Me interesa, siempre igual, y aprovecho por eso la menor ocasión para decirlo, me interesa la diferencia entre lengua y habla. Y esta es buena ocasión para ello. Yo creo que las fronteras de los llamados paises y los imperios, las fronteras que se trazan con el filo de una espada o con la tira de cuerdas o con pintura en el suelo, con lápiz sobre un mapa y así, se imponen a las palabras, pero solo por esto: porque toman a éstas como partes de una lengua y nunca como elementos de un habla.

Para terminar, o mejor para empezar: el diccionario bilingüe no incurre, según creo, en círculo vicioso alguno. Una razón: es propio de las lenguas, se refiere a dos lenguas, que no a dos hablas.

Por cierto, dicho sea de paso. Lenguas hay muchas pero hablas, hablas..., solo una. Una que no está sola pero, cosa curiosa, desconoce a las otras. Porque al punto de conocerlas, tan solo con mirarlas, tal es su poder y su secreto, tan solo con mirarse a sí misma en cualquier espejo, tan solo con mirarse o mirarlas, las modifica, las cambia, incluso a sí misma se cambia, se hace o las hace lenguas, esas lenguas que a su vez, malas hijas, dan con ella en la jaula.

Pero la lengua, lo tengo por cierto, se nutre, alimenta, vive y engorda de un manjar que no es el habla. La lengua vive, como el imperio, del imperio de la norma. De trazar en el suelo una raya, una frontera. No hay círculo vicioso que valga. La lengua no se alimenta del habla sino que la coge, y como si fuese lo que no es, como si fuese una hogaza de pan o un tablero de ajedrez, la raya, la parte, ya lo hemos dicho, la mete dentro de la jaula. Como si fuese un pájaro.

Hay pájaros que mueren al punto de ser encerrados en la jaula. Pero el habla no. Aún dentro canta. El diccionario, ahora lo sé, como si fuese una jaula, acoge dentro de sí, para que cante, al habla.

En el mío, el diccionario de una sola palabra, en cada uno de mis diccionarios de una sola palabra no habrá lugar a círculo vicioso alguno. Pero en el texto asociado a esa palabra... No es tan largo pero debería serlo más, más aún que una enciclopedia, la de Francia ilustrada, la más famosa, la torre de Babel más vanidosa, la de Diderot y demás enciclopedistas, la Británica o la Espasa o todas las wikipedias y espacios web de la lengua castellana.
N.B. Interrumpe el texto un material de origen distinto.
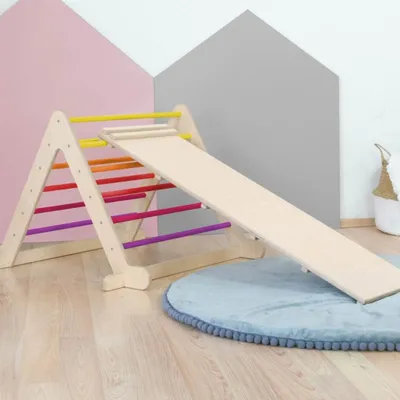 Produktbild von Kinder Pikler Dreieck PIKY mit einem Brett - Rot Regenbogen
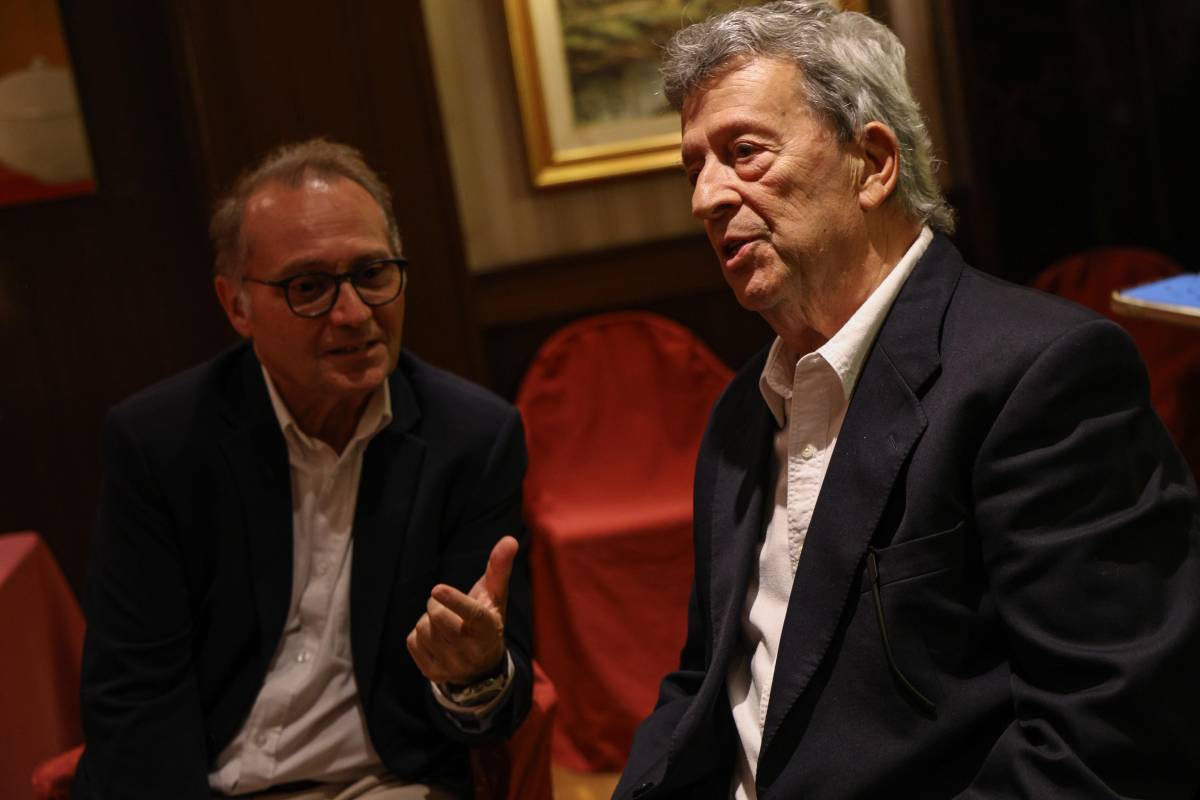 L`històric ‘maître’ de l’Hotel Urpí, Miquel Borrell, amb el periodista i autor del llibre, Manel Camps Bosser - VÍCTOR CASTILLO L`històric ‘maître’ de l’Hotel Urpí, Miquel Borrell, amb el periodista i autor del llibre, Manel Camps Bosser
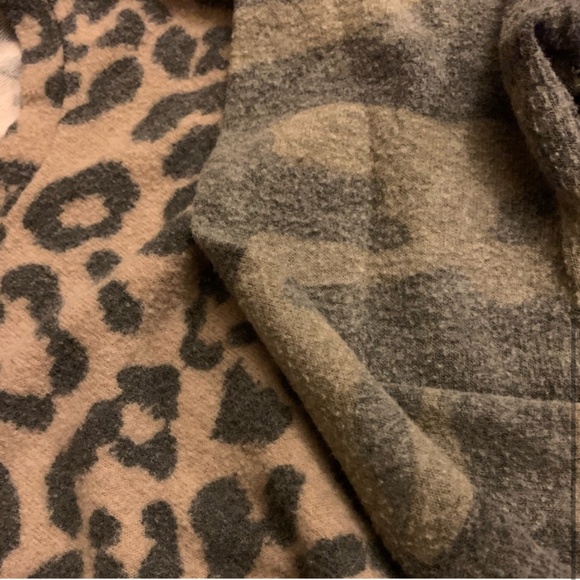 FOREVER 21 Set of 2 Pilled Fleece Tunic Top Long Sleeve Leopard Print Camo - Picture 4 of 5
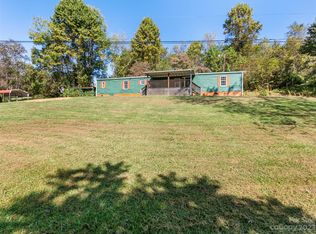 80 Brendell Rd, Candler, NC 28715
Y en ese texto, ¡Dios mío!, habría de todo como en el arca de Noé. Porque ahí, excepto esa única palabra que habría de ser la gran ausente del mismo por estar fuera, ella sola, puesta en la entrada, en ese texto asociado a ella, justo ahí, en esa selva, santo cielo, no quiero, no puedo ni pensarlo... Es imposible. Ahí estarían todos los diccionarios con todos sus círculos viciosos y todas las enciclopedias de la lengua, todo menos esa mágica palabra.

RESUMEN

Sospecho haber dicho todo lo que sé acerca de tan espinoso asunto como es el círculo vicioso de los diccionarios, pero sin haber rozado siquiera la pregunta inicial. Porque ni es la diferencia entre habla y lengua lo que lo explica todo, ni al revés, nada explica esa diferencia en verdad inexplicable.

Parece haber un tipo de fronteras sobre las que, o gracias a ellas, suceden cosas extraordinarias

UN DIÁLOGO

No sé de ningún gorrión que se pose tan solo en mi ventana. Tampoco de ninguna voz, palabra o dicho de mi uso, de mi exclusiva expresión. Siendo mía esa voz, y por esa razón, no es tan sólo mía sino también de otros.

No suelo hablar conmigo mismo. Tengo poco que decirme y cuando necesito hacerlo utilizo algo que no es la lengua. Quizá sea el habla, pero no lo sé. Con el pensamiento me basta.

- "Voces y palabras que pienso mías, digo mías siendo también de otros".

- "De otros pero no de todos".

- "Así es, mías y de los míos tan solo".

- "¿Y quiénes son los tuyos, y quiénes los otros?"

- "Buena pregunta. Me la vengo haciendo desde hace tiempo."